Douxx

Posted on Feb 7

How I Built a Random Number Generator (Sort Of)

#programming #radio #python #opensource

TL;DR: I made an Hybrid Hardware Random Number Generator (HHRNG) using radio noise. You can find the full source code on my GitHub.

Generating randomness is fascinating, and I always wanted to go deeper than just importing some library into my python project and calling .random(). So I set out to build my own library with its own .random() function. Revolutionary, I know.

But I didn't want to just cobble together pseudo-random values. I wanted to build a hardware random number generator (HRNG): one that uses actual physical processes to generate entropy. Think Linux's /dev/random, which harvests entropy from environmental noise: keyboard timings, mouse movements, disk I/O patterns. Windows also have a component named CNG (Cryptography Next Generation) that uses similar inputs.

When I hear noise, the first thing that comes to mind is this:

For the uninitiated, this is an SDR (Software Defined Radio), a real-time visualization of the radio spectrum around me. Notice the constant flickering at the bottom? That's noise, pure and simple. Nothing is transmitting there, yet the intensity is constantly dancing. It's the same static you hear when tuning to an empty FM frequency. If we could capture and measure that movement, we'd have a source of true randomness, unpredictable and nearly impossible to manipulate.

So, based on that, I decided to get to work. Note that I will be using a SDR blog v4 to capture radio signals and compute them.

Here is a global overview of what I needed to do to get this project done:

☐ Find a way of getting the radio signals on my PC
☐ Process them to generate randomness
☐ Create the core functions
☐ Add other functions on top of that
☐ Check that everything works and isn't easily affected by external events

Setting Up the Foundation

So, first of all, I needed to find a way to programmatically access my radio data, served as samples. I'd tried this on Windows before with no luck, so this time I went straight to a template that connects over the network on an rtl_tcp server running on one of my Raspberry Pis.
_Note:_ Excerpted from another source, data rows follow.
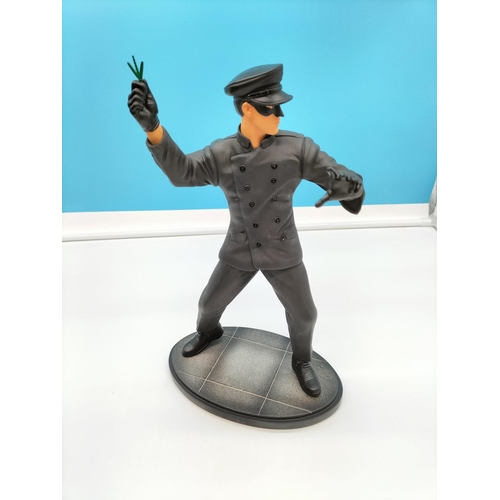 188 - Boxed Hollywood Collectables Group, Limited Edition 105/500, 'The Green Hornet Bruce Lee as Kato' 32... 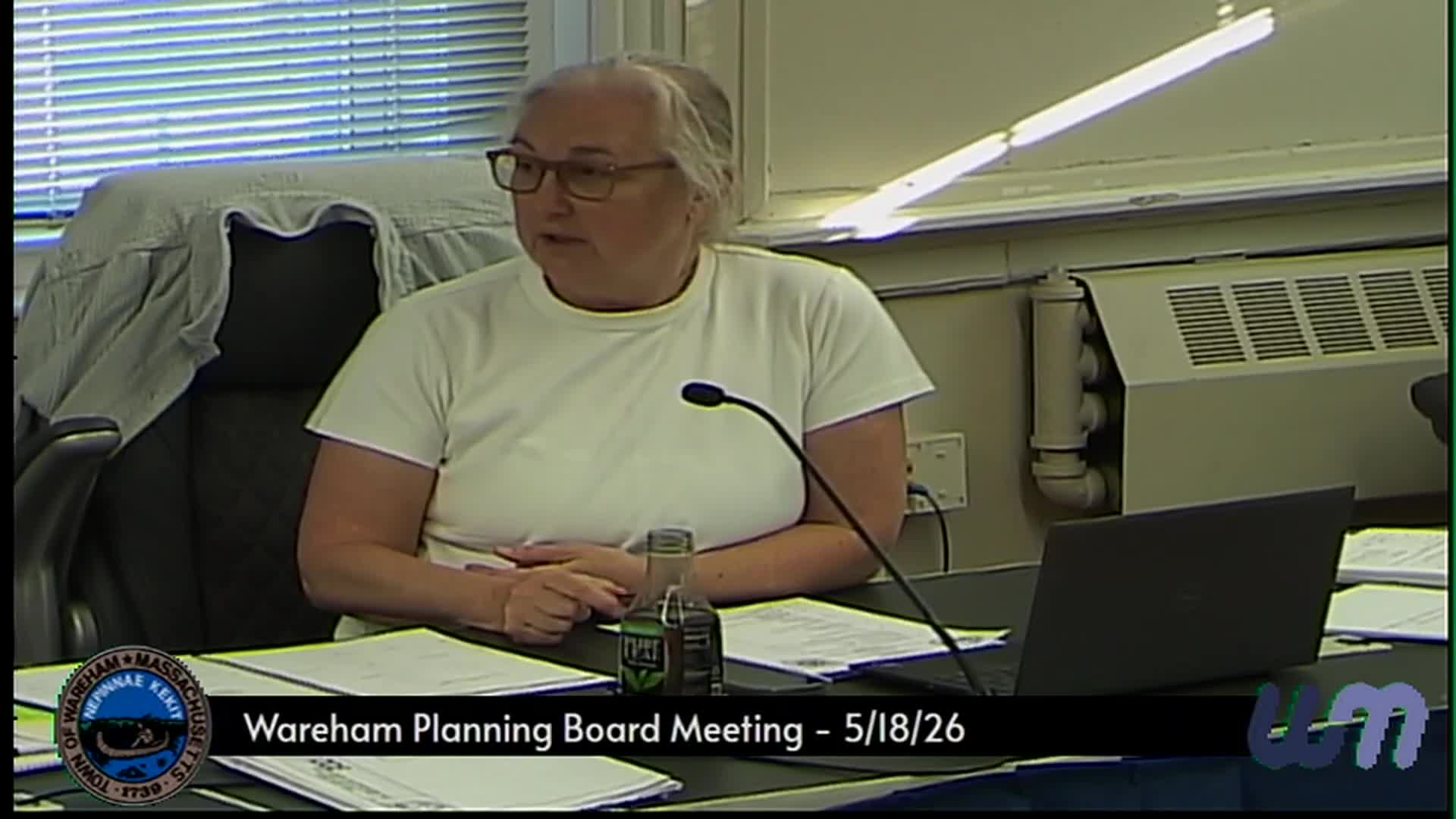 Thumbnail image for Wareham Planning Board Meeting 5-18-26
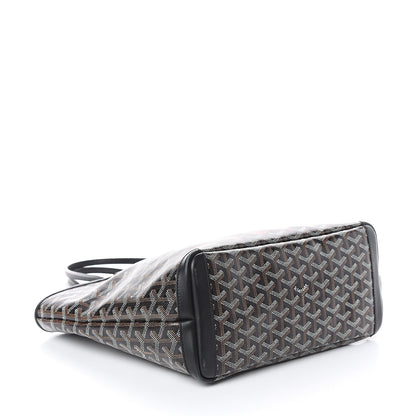 Goyard Goyardine Artois PM Black 3 of 9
Once everything setup, I was able to receive samples. The code is quite simple, it uses a socket to connect to the rtl_tcp server, and then reads samples from it. Here is a part of the read_samples function, that reads and processes the signals:

As we can see, it computes IQ samples. I and Q refer to two components of a complex baseband signal. They capture both amplitude and phase of the RF signal.

Well, anyways:

☑ ~~Find a way of getting the radio signals on my PC~~

Creating Randomness

The next step is building the "randomizer". It is basically a function that will take, as an input, samples from our SDR, and output a seed we will base our calculations on later.

To do this, I've tried a couple of ways (2, actually), but the most efficient method was using Phase difference.

The phase is the angle of the signal at a given moment. It can be easily calculated using both values of an IQ sample using this formula:
angle = atan2(Q, I).

We'll do this for both the current iteration value (n), and the previous one (n-1).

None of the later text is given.